Knowing how those friends might usually vote—or what their biases are—can provide extra information or influence in decision making. Someone with a bias towards a certain candidate only needs a little bit of information in line with their preference to cross over an information-threshold and cast their vote for that candidate. But if we know what someone’s preference is, and they don’t make any decision, that can be important: they must have learned something compelling that goes against their bias, causing them to move away from the decision-making threshold for their typical choice.

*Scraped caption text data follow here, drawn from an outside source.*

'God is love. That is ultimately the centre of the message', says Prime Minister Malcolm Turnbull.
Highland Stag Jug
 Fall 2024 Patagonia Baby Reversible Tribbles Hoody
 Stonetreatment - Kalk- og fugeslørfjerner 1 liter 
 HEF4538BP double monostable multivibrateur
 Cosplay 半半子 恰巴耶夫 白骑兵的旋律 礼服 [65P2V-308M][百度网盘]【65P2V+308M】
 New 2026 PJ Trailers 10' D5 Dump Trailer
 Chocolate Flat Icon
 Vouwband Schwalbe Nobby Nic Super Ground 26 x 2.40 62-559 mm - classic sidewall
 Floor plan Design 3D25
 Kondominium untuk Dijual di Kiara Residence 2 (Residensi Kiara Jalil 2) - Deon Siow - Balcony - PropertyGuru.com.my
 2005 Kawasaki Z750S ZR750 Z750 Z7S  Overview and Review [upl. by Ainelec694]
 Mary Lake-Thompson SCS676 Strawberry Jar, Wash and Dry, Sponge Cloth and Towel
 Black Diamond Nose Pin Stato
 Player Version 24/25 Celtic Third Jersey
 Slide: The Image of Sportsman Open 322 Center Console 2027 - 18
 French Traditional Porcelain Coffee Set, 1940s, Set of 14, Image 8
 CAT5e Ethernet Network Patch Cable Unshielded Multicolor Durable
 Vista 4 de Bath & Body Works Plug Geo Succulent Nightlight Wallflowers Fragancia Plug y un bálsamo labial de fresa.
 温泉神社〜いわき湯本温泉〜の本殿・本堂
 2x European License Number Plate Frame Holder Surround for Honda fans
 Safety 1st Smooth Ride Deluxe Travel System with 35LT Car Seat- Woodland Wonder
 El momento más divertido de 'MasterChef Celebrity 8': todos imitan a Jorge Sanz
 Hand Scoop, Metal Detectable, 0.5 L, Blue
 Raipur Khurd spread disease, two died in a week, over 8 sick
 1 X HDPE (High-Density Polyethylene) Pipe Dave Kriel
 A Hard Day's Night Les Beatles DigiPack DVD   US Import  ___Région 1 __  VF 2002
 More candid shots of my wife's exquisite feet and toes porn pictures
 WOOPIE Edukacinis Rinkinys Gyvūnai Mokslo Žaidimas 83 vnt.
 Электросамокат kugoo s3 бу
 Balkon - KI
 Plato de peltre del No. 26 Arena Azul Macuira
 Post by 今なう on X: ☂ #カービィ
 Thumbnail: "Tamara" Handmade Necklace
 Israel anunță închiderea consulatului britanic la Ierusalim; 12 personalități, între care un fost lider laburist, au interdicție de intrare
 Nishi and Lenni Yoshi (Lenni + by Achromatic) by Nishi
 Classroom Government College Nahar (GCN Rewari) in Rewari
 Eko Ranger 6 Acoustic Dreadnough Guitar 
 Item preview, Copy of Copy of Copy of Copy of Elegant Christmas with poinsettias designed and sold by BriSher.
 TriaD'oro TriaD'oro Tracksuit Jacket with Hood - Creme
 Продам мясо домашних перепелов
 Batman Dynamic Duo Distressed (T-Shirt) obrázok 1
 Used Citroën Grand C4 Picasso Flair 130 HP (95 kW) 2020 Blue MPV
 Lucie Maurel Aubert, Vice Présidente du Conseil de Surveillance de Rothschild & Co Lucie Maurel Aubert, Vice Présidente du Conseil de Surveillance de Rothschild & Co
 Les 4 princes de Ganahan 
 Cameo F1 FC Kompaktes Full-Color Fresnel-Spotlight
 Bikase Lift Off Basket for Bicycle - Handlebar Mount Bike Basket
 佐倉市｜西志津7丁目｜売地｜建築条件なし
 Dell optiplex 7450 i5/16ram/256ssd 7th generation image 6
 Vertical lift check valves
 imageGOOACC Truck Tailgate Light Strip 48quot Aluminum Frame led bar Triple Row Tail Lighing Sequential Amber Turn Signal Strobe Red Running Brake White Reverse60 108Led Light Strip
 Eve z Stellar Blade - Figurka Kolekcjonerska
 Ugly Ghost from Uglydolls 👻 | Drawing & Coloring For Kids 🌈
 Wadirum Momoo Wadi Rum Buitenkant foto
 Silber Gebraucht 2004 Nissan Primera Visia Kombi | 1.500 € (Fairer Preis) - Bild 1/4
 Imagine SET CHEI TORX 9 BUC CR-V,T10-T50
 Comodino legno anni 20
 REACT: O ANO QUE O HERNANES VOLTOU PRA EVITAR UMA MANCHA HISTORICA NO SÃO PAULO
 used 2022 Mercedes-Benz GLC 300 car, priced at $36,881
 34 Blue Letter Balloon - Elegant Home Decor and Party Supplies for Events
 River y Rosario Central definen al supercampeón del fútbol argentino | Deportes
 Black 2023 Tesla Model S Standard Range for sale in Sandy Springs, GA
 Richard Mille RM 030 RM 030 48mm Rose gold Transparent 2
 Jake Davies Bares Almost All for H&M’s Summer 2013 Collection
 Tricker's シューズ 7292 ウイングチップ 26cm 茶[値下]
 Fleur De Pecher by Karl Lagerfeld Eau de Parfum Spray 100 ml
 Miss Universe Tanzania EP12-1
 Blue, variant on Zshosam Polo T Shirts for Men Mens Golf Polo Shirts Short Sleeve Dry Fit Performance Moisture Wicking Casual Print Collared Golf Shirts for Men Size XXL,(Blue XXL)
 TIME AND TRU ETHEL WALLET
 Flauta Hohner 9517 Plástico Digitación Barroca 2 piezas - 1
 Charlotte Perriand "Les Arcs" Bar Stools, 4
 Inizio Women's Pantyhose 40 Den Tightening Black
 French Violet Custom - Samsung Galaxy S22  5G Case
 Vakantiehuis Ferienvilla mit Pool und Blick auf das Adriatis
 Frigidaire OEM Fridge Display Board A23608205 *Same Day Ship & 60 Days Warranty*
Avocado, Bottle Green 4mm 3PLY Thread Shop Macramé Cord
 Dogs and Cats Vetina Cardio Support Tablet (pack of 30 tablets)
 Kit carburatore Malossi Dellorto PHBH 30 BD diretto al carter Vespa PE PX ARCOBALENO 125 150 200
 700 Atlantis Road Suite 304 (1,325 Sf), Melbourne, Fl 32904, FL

“Let’s say you have a person that typically votes Republican, but they take a long time to make that decision…The fact that they haven’t decided yet probably means they’ve gotten evidence in favor of the Democratic candidate,” says Kilpatrick. “If they had gotten just a little bit of evidence for the Republican candidate, they would have gone ahead and voted for them already. This means you can even get information from the fact that a person has NOT made a decision. This is true even if you don’t know what evidence they received. Just the fact that they have not made a choice by some point in time is informative.”
Likewise, if a friend goes against their usually held bias—maybe they’ve always bought iPhones and suddenly they’re buying Android phones—that tells us they must have collected a lot of data in favor of changing their position. According to Kilpatrick, a person going against their usual bias gives everyone in their network a huge burst of information. Something must be great about Androids!
Kilpatrick has also worked on models of what he calls “large cliques,” or a social network where everyone is in communication with everyone else, and how decisions are made in these groups.
“Let’s say you have many people that can all observe each other’s decisions,” says Kilpatrick. “The interesting thing that we found is that this group decision process can be kind of self-correcting: If the first person convinces only a few people to follow their choice, that reveals to others that the first decision may not have been a good one.”
Image A shows an agent in a clique making a quick, but incorrect, decision. In B, a few agents agree with the first. In C, the second wave of the agents have made a correct choice, after seeing the very small group making the choice in B. (Image credit: Kilpatrick)
While Kilpatrick’s current research has been based purely on artificial agents, for future projects, he and his collaborators are looking at ways to gather data from real people to gain further insight into decision-making.
Kilpatrick’s motivation for creating robust models of social decision-making comes from an interest in neuroscience that he picked up in graduate school. He recalls reading papers on research that showed that, when a monkey was given a two-choice decision task, the activity in certain parts of the monkey’s brain could indicate what choice the monkey preferred.
“There’s a long history in neuroscience of using these experimental methods to say what the neural mechanisms of decision making [are], and what’s so remarkable is that the things that neurons in people’s brains are doing are often what you would think an optimal statistical decoder would do,” says Kilpatrick. “We think that evolution [can often] converge on these optimal solutions.”
Kilpatrick notes that much of this neuroscience research is on one individual making a choice and not on decisions made within a social network.
“Not many people think about how the brain does social decision making. There’s a few people, but [they’re] not really thinking about serious statistical descriptions of the computations the brain might be doing while people or other animals are performing social decision making,” says Kilpatrick. “That’s where good, sturdy mathematical modeling comes in because we can look at situations where we can really understand what these models are doing and then even speculate on how the brain might implement that kind of computation.”